Problem statement. Once you reach the line containing "linen smock skipper pullover shirt" in the data below, restate each line word for word up to and including the one containing "Genderflux pride flag".

Materials provided.
------------------------
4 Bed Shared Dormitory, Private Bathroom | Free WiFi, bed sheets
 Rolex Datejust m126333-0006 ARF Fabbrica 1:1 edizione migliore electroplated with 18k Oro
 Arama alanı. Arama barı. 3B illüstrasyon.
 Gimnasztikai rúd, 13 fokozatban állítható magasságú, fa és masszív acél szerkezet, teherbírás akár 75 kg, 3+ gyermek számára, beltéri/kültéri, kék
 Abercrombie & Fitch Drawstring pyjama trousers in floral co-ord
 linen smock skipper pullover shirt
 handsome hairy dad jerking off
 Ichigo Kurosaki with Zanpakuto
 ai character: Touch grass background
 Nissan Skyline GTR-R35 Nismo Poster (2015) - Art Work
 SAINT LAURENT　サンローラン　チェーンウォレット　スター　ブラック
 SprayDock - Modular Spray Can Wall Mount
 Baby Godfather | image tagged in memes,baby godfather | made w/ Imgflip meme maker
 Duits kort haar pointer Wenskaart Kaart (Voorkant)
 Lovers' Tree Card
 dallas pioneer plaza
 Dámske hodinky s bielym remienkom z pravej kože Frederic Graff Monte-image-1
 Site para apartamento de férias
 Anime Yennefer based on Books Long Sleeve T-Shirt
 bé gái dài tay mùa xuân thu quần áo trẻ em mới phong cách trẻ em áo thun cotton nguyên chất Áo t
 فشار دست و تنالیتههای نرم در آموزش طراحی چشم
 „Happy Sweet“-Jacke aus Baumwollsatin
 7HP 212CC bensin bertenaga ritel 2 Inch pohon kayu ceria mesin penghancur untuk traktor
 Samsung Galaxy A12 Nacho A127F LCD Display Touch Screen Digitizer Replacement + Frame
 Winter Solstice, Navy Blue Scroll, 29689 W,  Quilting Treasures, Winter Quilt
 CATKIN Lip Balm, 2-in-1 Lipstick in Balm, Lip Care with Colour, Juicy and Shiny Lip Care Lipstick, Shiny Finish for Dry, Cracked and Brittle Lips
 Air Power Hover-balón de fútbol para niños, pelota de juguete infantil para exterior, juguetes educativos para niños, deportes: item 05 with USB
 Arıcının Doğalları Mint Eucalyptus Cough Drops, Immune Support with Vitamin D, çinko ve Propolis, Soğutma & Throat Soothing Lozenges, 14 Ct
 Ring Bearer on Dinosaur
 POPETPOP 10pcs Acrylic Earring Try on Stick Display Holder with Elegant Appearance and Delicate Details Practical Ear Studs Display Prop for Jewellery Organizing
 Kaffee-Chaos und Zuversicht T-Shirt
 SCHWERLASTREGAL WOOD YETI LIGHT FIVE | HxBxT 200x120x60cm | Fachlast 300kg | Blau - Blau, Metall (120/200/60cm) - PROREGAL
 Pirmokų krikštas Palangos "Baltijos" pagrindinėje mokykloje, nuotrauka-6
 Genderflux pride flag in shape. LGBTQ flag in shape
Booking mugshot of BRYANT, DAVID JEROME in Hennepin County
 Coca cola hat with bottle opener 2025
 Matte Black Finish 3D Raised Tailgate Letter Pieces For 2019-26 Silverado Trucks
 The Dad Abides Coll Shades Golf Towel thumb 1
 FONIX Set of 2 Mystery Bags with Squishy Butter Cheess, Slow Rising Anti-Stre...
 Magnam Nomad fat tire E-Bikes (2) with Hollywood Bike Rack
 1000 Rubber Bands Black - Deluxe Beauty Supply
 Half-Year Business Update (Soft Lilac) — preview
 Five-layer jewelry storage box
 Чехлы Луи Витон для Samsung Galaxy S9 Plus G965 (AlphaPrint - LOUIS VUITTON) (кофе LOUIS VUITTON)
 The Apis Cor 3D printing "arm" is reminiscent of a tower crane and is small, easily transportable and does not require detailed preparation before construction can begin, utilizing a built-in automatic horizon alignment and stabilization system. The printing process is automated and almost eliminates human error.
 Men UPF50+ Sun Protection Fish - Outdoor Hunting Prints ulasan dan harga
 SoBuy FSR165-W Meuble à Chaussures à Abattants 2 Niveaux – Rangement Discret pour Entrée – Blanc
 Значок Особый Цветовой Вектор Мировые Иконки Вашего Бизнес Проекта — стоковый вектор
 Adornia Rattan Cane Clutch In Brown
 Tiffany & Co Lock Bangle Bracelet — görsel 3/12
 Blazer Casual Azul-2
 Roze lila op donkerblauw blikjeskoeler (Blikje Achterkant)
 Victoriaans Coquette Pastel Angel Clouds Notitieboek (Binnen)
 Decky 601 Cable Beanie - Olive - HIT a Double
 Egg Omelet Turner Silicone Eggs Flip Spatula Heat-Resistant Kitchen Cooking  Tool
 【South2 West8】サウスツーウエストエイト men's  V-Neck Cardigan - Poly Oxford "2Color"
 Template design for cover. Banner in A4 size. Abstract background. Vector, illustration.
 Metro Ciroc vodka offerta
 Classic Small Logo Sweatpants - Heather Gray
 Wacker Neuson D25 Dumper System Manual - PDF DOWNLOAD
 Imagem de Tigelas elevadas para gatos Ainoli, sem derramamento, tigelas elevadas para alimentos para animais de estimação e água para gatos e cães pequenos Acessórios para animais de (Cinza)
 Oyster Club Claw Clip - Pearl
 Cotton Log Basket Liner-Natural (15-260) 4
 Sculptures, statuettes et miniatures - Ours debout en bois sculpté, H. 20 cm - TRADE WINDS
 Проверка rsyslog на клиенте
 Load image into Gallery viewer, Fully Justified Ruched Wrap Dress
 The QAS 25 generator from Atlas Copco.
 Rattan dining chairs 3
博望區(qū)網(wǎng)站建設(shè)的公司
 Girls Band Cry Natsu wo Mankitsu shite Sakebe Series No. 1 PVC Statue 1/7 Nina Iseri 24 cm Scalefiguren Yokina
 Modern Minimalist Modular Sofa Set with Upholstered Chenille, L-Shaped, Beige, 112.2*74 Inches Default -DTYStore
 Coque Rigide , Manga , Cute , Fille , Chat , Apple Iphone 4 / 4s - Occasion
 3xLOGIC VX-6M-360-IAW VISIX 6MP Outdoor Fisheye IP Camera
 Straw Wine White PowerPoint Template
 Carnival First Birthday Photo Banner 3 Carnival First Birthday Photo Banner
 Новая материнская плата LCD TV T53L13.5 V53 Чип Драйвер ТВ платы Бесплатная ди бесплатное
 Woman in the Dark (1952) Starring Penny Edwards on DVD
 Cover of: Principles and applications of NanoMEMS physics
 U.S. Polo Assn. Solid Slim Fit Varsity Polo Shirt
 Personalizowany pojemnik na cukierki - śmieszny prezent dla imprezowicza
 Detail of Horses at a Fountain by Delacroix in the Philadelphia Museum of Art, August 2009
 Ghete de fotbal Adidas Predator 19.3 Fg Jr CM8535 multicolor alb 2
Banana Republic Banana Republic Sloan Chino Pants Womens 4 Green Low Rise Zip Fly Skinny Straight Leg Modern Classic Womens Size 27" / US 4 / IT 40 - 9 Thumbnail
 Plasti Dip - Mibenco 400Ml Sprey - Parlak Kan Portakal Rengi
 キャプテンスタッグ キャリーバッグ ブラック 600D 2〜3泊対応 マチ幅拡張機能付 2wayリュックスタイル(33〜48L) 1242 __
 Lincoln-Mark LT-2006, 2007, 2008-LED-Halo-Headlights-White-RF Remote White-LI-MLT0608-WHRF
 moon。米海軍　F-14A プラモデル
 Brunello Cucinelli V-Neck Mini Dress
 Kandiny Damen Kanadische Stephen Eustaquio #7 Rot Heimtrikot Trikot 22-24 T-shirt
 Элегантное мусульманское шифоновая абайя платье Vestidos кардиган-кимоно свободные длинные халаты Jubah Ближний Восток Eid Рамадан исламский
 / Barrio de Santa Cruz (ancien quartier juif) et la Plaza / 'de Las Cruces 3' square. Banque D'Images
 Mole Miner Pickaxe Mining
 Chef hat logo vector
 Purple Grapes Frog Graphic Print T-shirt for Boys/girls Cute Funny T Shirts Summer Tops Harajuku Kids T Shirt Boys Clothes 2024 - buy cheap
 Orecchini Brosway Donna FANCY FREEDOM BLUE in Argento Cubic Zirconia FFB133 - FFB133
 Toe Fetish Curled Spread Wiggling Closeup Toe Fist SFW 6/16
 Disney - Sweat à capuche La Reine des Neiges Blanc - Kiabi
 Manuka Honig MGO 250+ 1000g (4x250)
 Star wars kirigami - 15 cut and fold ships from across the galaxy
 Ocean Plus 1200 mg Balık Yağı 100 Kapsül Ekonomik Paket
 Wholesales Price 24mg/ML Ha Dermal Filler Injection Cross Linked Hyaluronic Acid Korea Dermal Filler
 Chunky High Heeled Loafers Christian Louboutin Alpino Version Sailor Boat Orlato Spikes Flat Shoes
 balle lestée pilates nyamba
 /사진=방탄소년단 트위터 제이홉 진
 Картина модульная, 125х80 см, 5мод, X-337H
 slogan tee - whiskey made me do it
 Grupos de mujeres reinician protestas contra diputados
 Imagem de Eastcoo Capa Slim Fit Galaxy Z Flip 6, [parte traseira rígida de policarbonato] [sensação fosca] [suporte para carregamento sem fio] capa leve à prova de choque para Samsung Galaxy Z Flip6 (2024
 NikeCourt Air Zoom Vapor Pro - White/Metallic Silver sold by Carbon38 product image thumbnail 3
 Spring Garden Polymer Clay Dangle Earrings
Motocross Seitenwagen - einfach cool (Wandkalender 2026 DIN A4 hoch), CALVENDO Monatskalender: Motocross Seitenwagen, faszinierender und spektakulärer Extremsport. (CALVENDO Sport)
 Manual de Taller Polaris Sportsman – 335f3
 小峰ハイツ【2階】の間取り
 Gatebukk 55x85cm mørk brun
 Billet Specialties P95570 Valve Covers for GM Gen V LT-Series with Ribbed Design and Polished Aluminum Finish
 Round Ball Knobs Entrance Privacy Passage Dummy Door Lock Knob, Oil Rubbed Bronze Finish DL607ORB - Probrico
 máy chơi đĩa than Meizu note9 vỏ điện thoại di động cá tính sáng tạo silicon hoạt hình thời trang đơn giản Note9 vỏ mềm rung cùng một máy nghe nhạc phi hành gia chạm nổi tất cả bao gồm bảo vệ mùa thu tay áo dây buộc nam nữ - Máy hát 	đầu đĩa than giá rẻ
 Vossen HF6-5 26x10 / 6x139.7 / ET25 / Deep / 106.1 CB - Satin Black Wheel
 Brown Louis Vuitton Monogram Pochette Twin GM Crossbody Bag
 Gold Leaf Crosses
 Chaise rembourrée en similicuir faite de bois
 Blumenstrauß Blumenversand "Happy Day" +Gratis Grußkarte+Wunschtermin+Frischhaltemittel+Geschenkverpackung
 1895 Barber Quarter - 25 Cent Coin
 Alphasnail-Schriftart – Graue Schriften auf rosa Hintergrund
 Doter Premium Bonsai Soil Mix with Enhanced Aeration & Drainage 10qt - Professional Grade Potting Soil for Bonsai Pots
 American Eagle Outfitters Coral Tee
------------------------
Your response.
 linen smock skipper pullover shirt
 handsome hairy dad jerking off
 Ichigo Kurosaki with Zanpakuto
 ai character: Touch grass background
 Nissan Skyline GTR-R35 Nismo Poster (2015) - Art Work
 SAINT LAURENT　サンローラン　チェーンウォレット　スター　ブラック
 SprayDock - Modular Spray Can Wall Mount
 Baby Godfather | image tagged in memes,baby godfather | made w/ Imgflip meme maker
 Duits kort haar pointer Wenskaart Kaart (Voorkant)
 Lovers' Tree Card
 dallas pioneer plaza
 Dámske hodinky s bielym remienkom z pravej kože Frederic Graff Monte-image-1
 Site para apartamento de férias
 Anime Yennefer based on Books Long Sleeve T-Shirt
 bé gái dài tay mùa xuân thu quần áo trẻ em mới phong cách trẻ em áo thun cotton nguyên chất Áo t
 فشار دست و تنالیتههای نرم در آموزش طراحی چشم
 „Happy Sweet“-Jacke aus Baumwollsatin
 7HP 212CC bensin bertenaga ritel 2 Inch pohon kayu ceria mesin penghancur untuk traktor
 Samsung Galaxy A12 Nacho A127F LCD Display Touch Screen Digitizer Replacement + Frame
 Winter Solstice, Navy Blue Scroll, 29689 W,  Quilting Treasures, Winter Quilt
 CATKIN Lip Balm, 2-in-1 Lipstick in Balm, Lip Care with Colour, Juicy and Shiny Lip Care Lipstick, Shiny Finish for Dry, Cracked and Brittle Lips
 Air Power Hover-balón de fútbol para niños, pelota de juguete infantil para exterior, juguetes educativos para niños, deportes: item 05 with USB
 Arıcının Doğalları Mint Eucalyptus Cough Drops, Immune Support with Vitamin D, çinko ve Propolis, Soğutma & Throat Soothing Lozenges, 14 Ct
 Ring Bearer on Dinosaur
 POPETPOP 10pcs Acrylic Earring Try on Stick Display Holder with Elegant Appearance and Delicate Details Practical Ear Studs Display Prop for Jewellery Organizing
 Kaffee-Chaos und Zuversicht T-Shirt
 SCHWERLASTREGAL WOOD YETI LIGHT FIVE | HxBxT 200x120x60cm | Fachlast 300kg | Blau - Blau, Metall (120/200/60cm) - PROREGAL
 Pirmokų krikštas Palangos "Baltijos" pagrindinėje mokykloje, nuotrauka-6
 Genderflux pride flag in shape. LGBTQ flag in shape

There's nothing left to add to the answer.